Until yesterday, I get super excited when I scroll back my Sakura trip in Japan. I visited Japan during the sakura season twice and I thought I could go back again this time but after looking back with the crowd and everything is fully booked just make me angry. I don't really like crowded place and that's the reason why I prefer other prefecture other than Tokyo. Then I fell in love with Osaka and last year, when I scroll through all the photo I slowly realise, it has became another super crowded place again.
So I was checking with the flight ticket, of course Japan airline again and I realise the ticket was like RM2400 for one person. Then I check airasia, I was like wtf? The price is like double of my last year expenses. Then I still want to get the ticket badly, so I online search for some homestay and realized everything fully booked. So pissed off because I always 说走就走 and this time i planned to go there alone.

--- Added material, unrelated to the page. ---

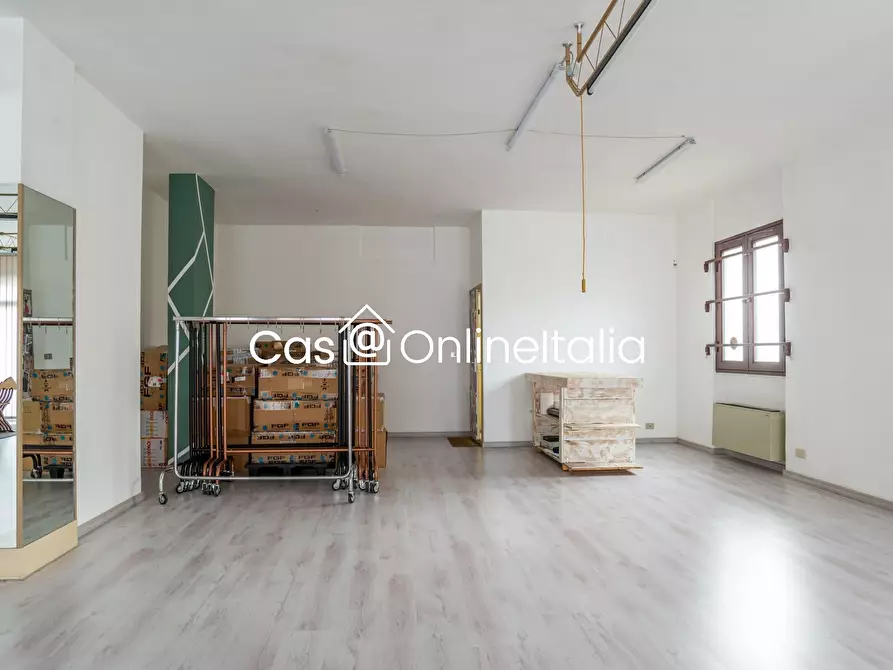 Immagine 14 di Negozio in affitto  in Via Giovanni Costantini 15 a Prato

Not the first time being alone in Japan. I'm not afraid at all but I prefer with friends so that we can stay in a big big space and enjoy the cooking and chit chat time lol. Next, I get really really angry because my brain just stop me from clicking a 'YES / BUY' on the ticket. Then i called my friends saying that I'm not going there in April because everyone just go see Sakura and since I was there every year since few years back. I get enough photo of sakura and the saddest thing is Smelly just changed to a new company.
He can't take any holiday for the first 3-4 months. My friends are working because most of them was taking a full time 9-6 job and they can't make it for my half month trip. Then I thought I could make it for Switzerland but still ☹️ I can't. So I just anyhow very angry and pick up my phone. Search on some photo I decided to go back to Japan after the sakura season. So no more crowded place and I plan to visit new place again this time. Hopefully I can make it this time with my Yolo Team. Yes, I'm eye on something that is really really beautiful.

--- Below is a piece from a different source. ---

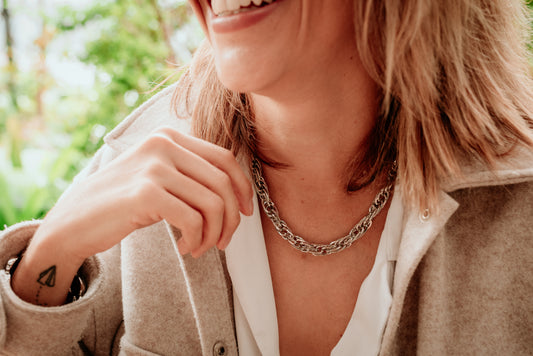 COLLAR LUISA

I wanted to show you that Japan is no longer just for the sakura or autumn, but something which is more beautiful. Then I can create more content from there and my Japan post drag until now because I finally get my new usb type C cable to transfer all the photo to my new lap top. Oh my god, I can't believe this but everything going to be up on my blog SOON. I swear!

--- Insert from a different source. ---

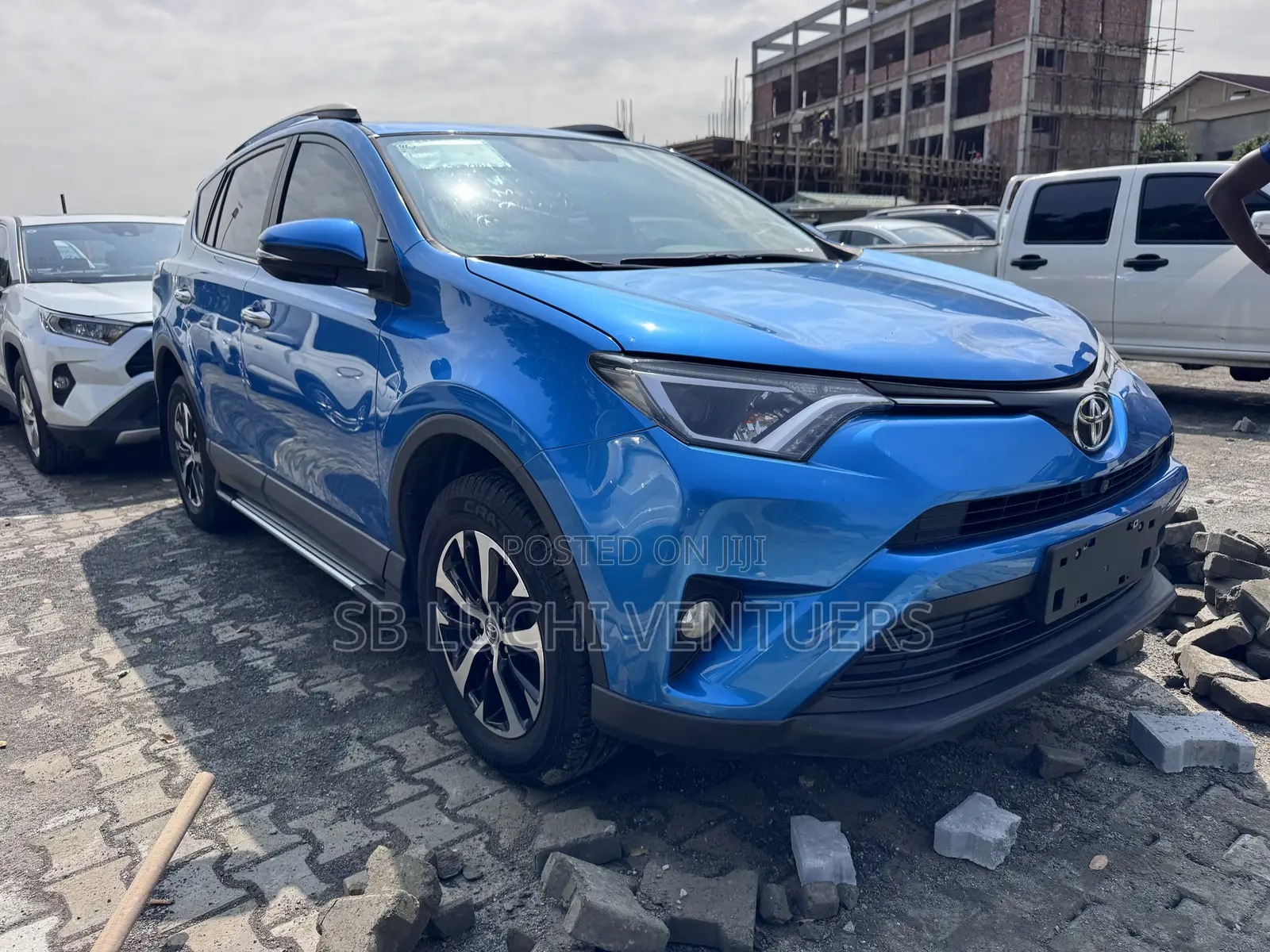Toyota RAV4 2016 Blue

So I guess I should be a good girl and work hard within this few months and after sakura in April, I will get back my travel mood and at least, I can finish all my work in Malaysia before my trip so I pray my photography and team is free at that time too. And now, I'm really busy with editing. I thought it's really easy to come out with a video every week lol. It's not! Especially a 10 mins video took me like 6 hours to film and shoot.
Learning new editing skill every time and asking Mr.Google on how to solve my editing problem. My eyes are pretty tired these few days because I just doing nothing but watching and researching something. Although I'm always lack of sleep but I feel really satisfied because I finally did whatever that makes me happy. I enjoy producing new content, doing something silly and the most fun part was, playing with fake hair lol.
Then I was like looking at myself, learn how to pose in front of the video cam and self-recording sometime when no one there to help me. Then, after the final video I'm so happy to share things with all of you. Looking forward to each day and your respond just make my day. I think this is something that motivate me and doing what matters most.
Seeing everything up on my blog , youtube and slowly laugh at myself because I really look super silly with all my crazy ideas and things I posted on my instagram. Also, reading all your emails, direct msg on instagram just cheer me up. I never thought all of my hard work could be seen by you guys. Thank you for all your nice comment on youtube. Teaching me how to add on the detail on the descriptions and everything.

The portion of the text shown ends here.